A l’heure où certains archaïsmes sclérosants sont levés à mesure que des portes s’ouvrent à la modernité, aux femmes et au monde, Riyad sera le théâtre d’un événement exceptionnel, pour ne pas dire historique, le 18 avril prochain : pour la première fois depuis 35 ans, une salle de cinéma spacieuse et flambant neuve accueillera le public, femmes et hommes, en prélude aux 40 salles obscures qui émergeront dans les cités phares du pays, au cours des cinq années qui viennent.

Il n’y a pas que le septième art qui soit en odeur de sainteté chez le proche allié des Etats-Unis, grâce au contrat scellé avec AMC Entertainment Holdings, une chaîne de cinéma américaine, les parcs d’attractions le sont également, notamment celui qui sortira de terre à Qiddiya, en 2022, dans le ciel sans nuages de l’idylle américano-saoudienne.

« Le marché saoudien a un très fort potentiel», se frotte les mains David McKillips, le président de Six Flags International Development Company, la plus grande société de divertissement au monde, avec lequel le Public Investment Fund (PIF) d’Arabie saoudite a signé un partenariat fructueux.
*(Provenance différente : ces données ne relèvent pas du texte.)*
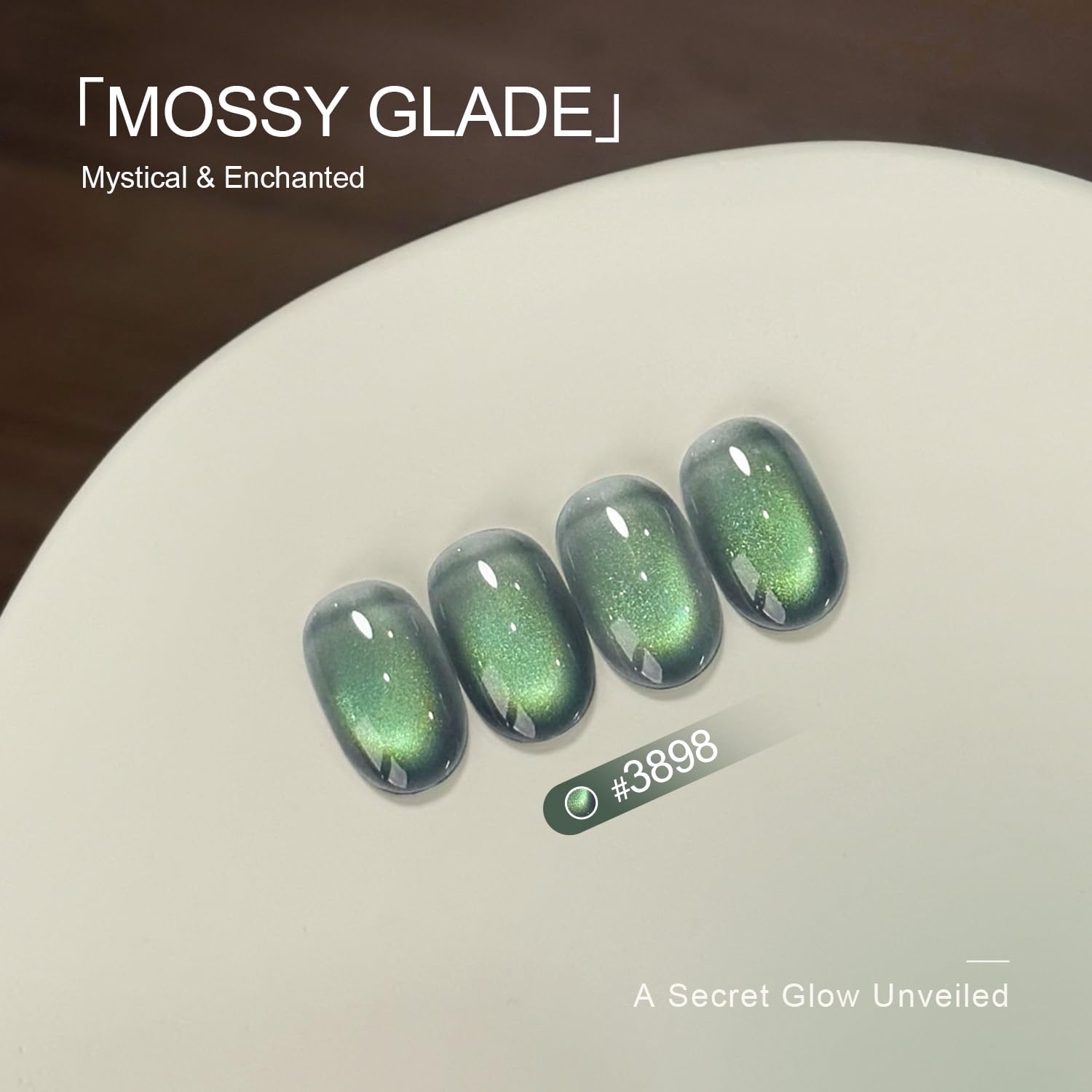GAOY DIY at-home nail art setup with cat eye polish
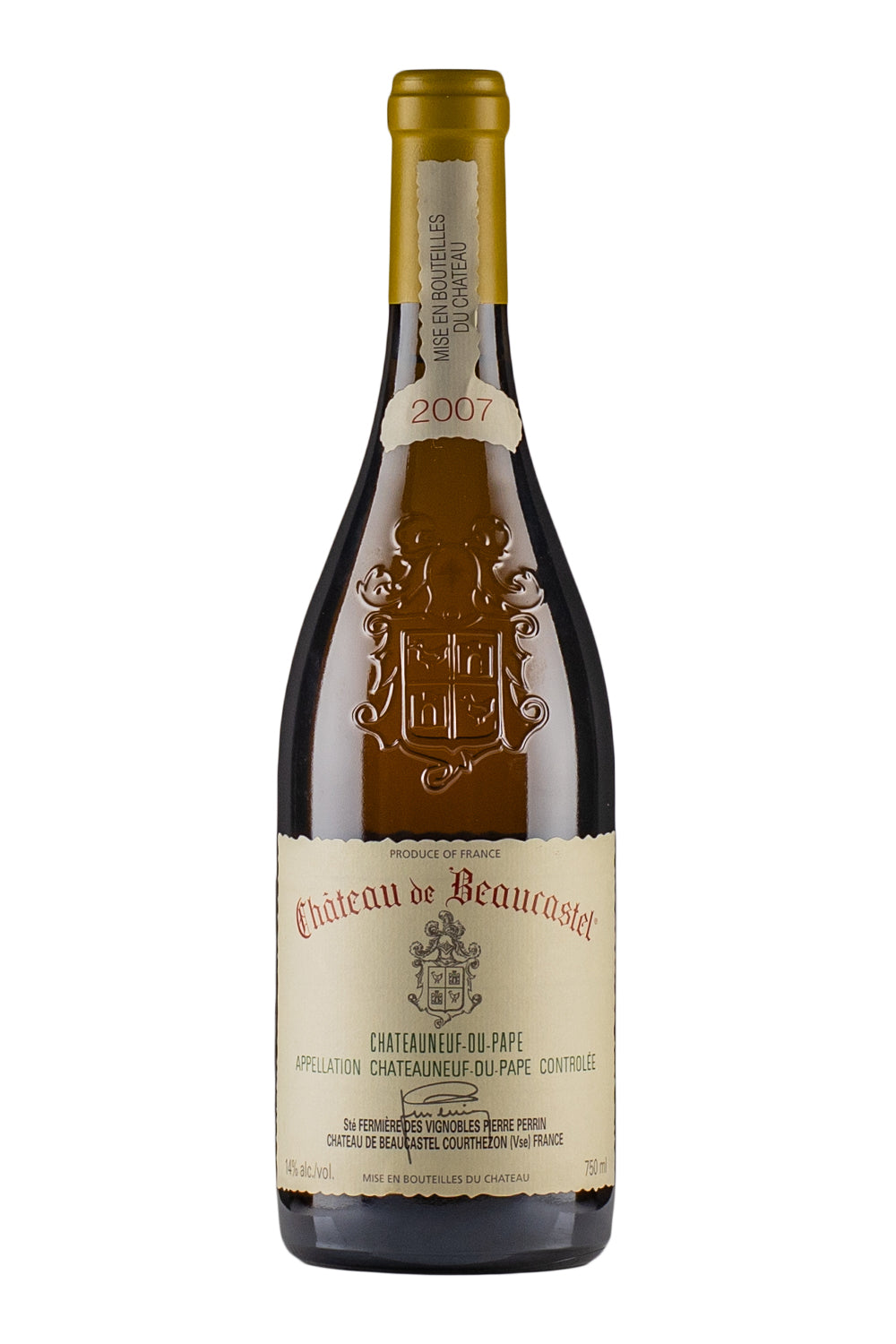 Chateauneuf du Pape Blanc Beaucastel 2007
L’objectif ? Voir éclore le premier parc à thème du royaume, labellisé Six Flags.

Un parc faisant la part belle aux activités sportives et ludiques, en plein cœur de Qiddiya, le futuriste et pour le moins détonnant « Las Vegas » du désert arabique, une cité gigantesque située au sud-ouest de Riyad où se divertir ne sera pas un vilain mot, mais le seul et unique maître-mot.
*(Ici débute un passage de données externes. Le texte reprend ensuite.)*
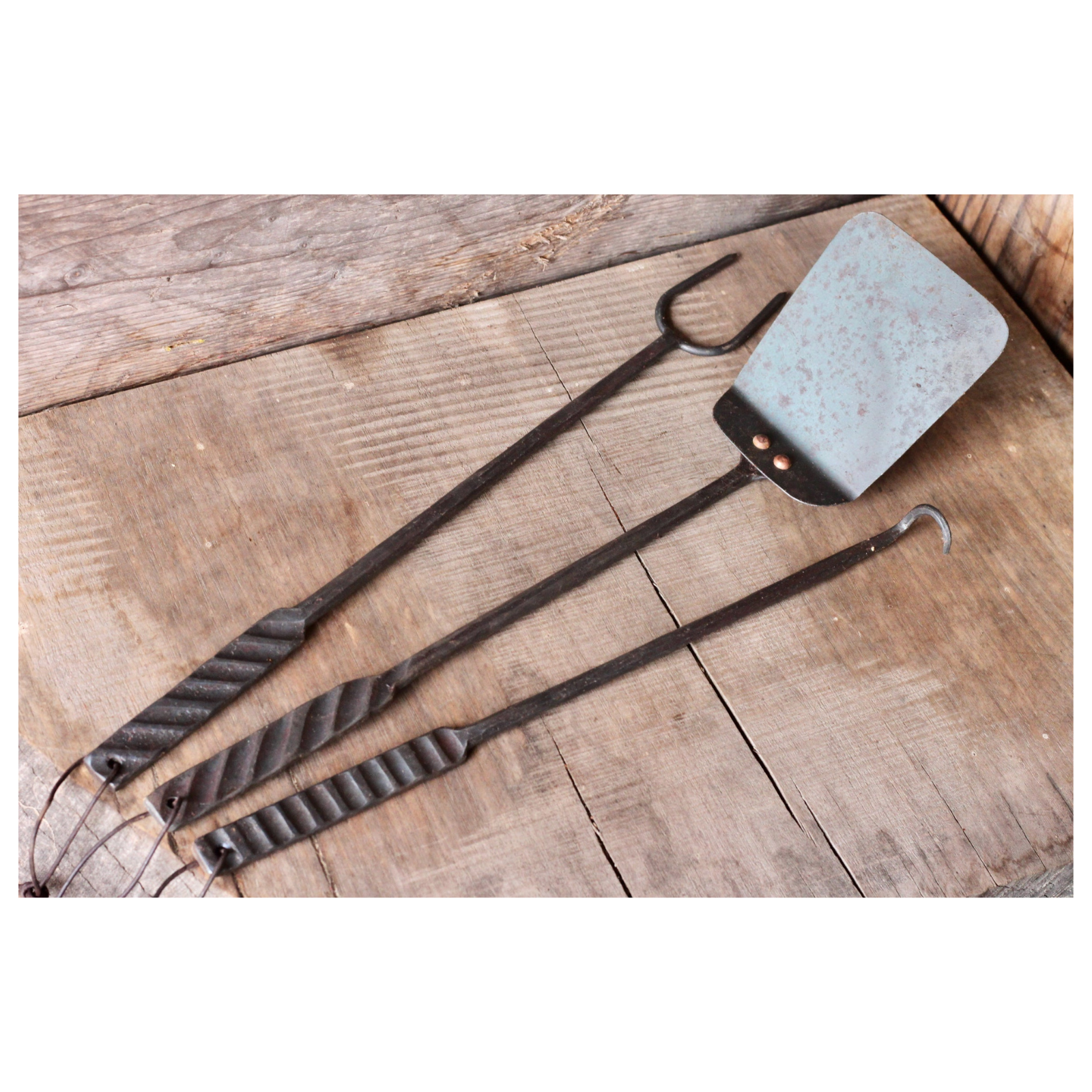 "Grill-Marked" BBQ Grill Set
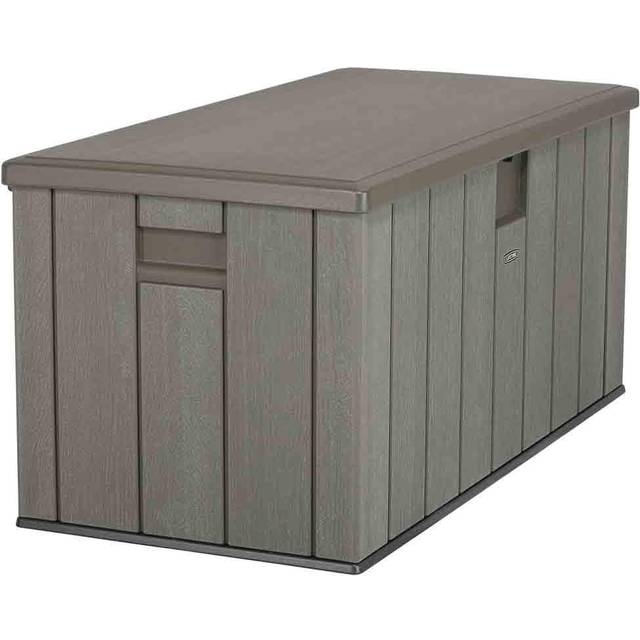 Rough Cut 570 L Plastic Storage Bench - Dark Grey (69cm H X 151cm W X 72cm D)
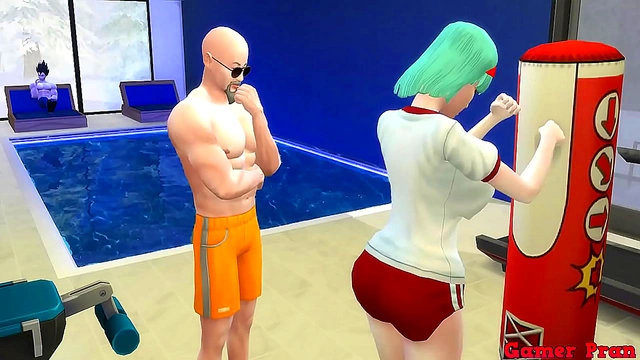 Bulma Tempts Master Roshi with Her MILF Charm in Steamy Cuckold Dragon Ball Z Scene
« Le premier parc d’attractions Six Flags créé dans le royaume sera une véritable mine d’emplois et d’opportunités pour les jeunes saoudiens », souligne le comité de direction du PIF, en écho à la déclaration de MBS, le bâtisseur visionnaire, désireux d’en finir avec la dépendance à l’or noir. « Qiddiya, par la volonté de Dieu, jouera un rôle important dans le développement de l’économie saoudienne et répondra aux besoins récréatifs, culturels et sociaux exprimés par la nouvelle génération du royaume », annonçait-il il y a quelques mois.
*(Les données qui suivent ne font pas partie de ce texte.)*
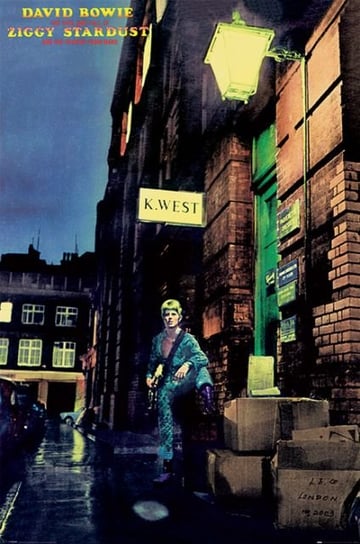 Plakat David Bowie Ziggy Stardust plakaty na ścianę muzyczne 61x91,5 cm Pyramid International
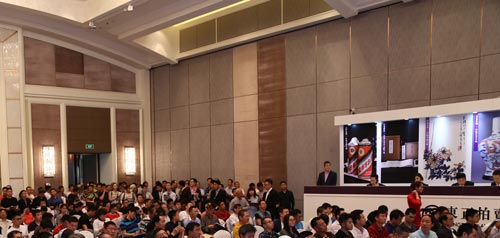 北京东正2015年春季艺术品拍卖会现场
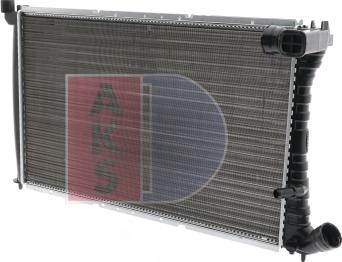 AKS Dasis 160350N - Radiator, engine cooling autospares.lv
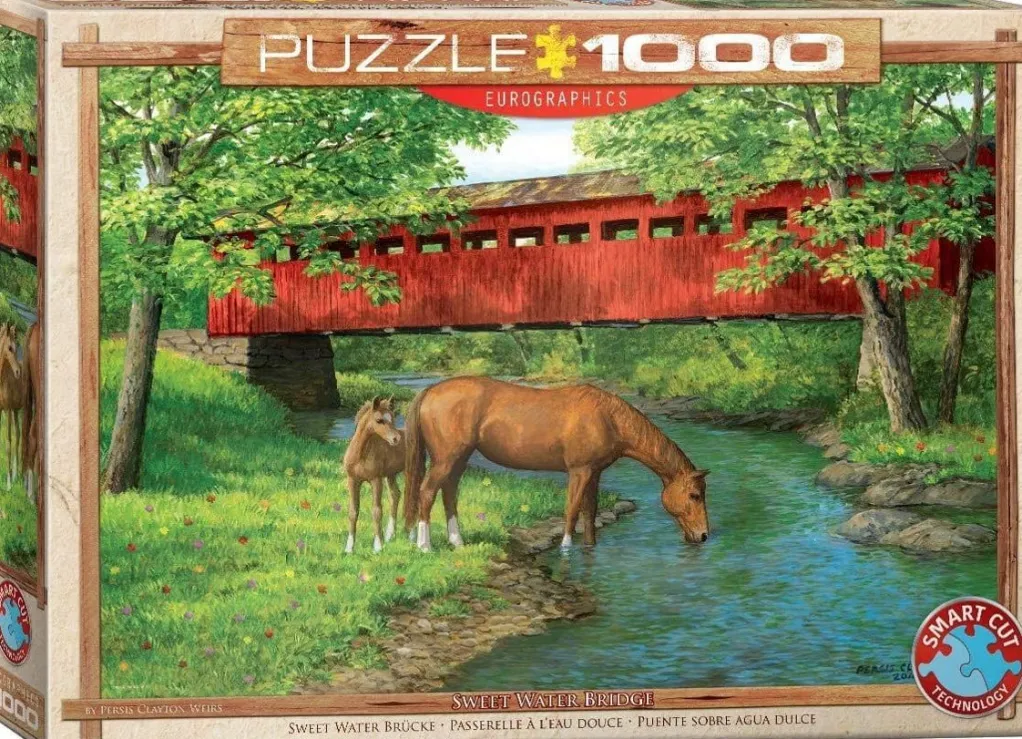 Eurographics 1000 Pieces* - Sweet Water Bridge - 1000 Piece Jigsaw Puzzle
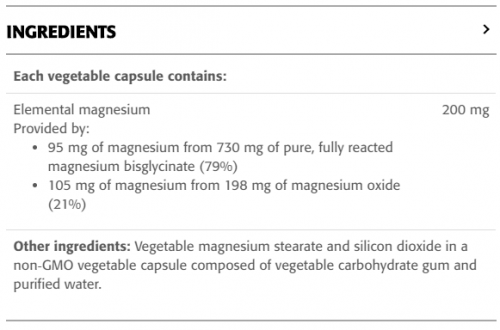 Magnesium Bisglycinate 200 mg - New Roots Herbal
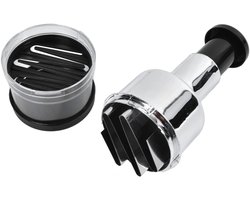 Dailygoods - Onion Chopper - Handmatige Hakmolen - Duurzaam en Efficiënt - Zilver - Multifunctioneel - Geschikt voor Uien en Groenten - 65upd4zg1c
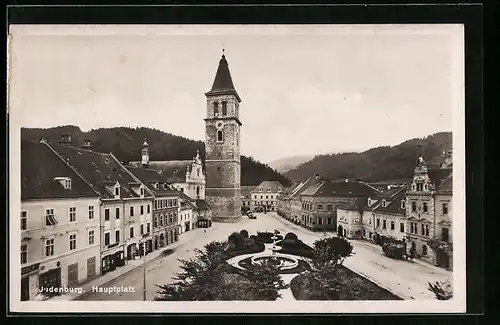 AK Judenburg, Strassenpartie am Hauptplatz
Un avis que partage pleinement Michael Reininger, le directeur général de ce chantier titanesque : « Avec près des deux tiers de la population saoudienne âgés de moins de 35 ans, il y a un grand appétit dans le royaume pour les parcs à thème comme celui-ci, ainsi que pour les autres installations sportives et culturelles qu’offrira Qiddiya », a-t-il récemment commenté.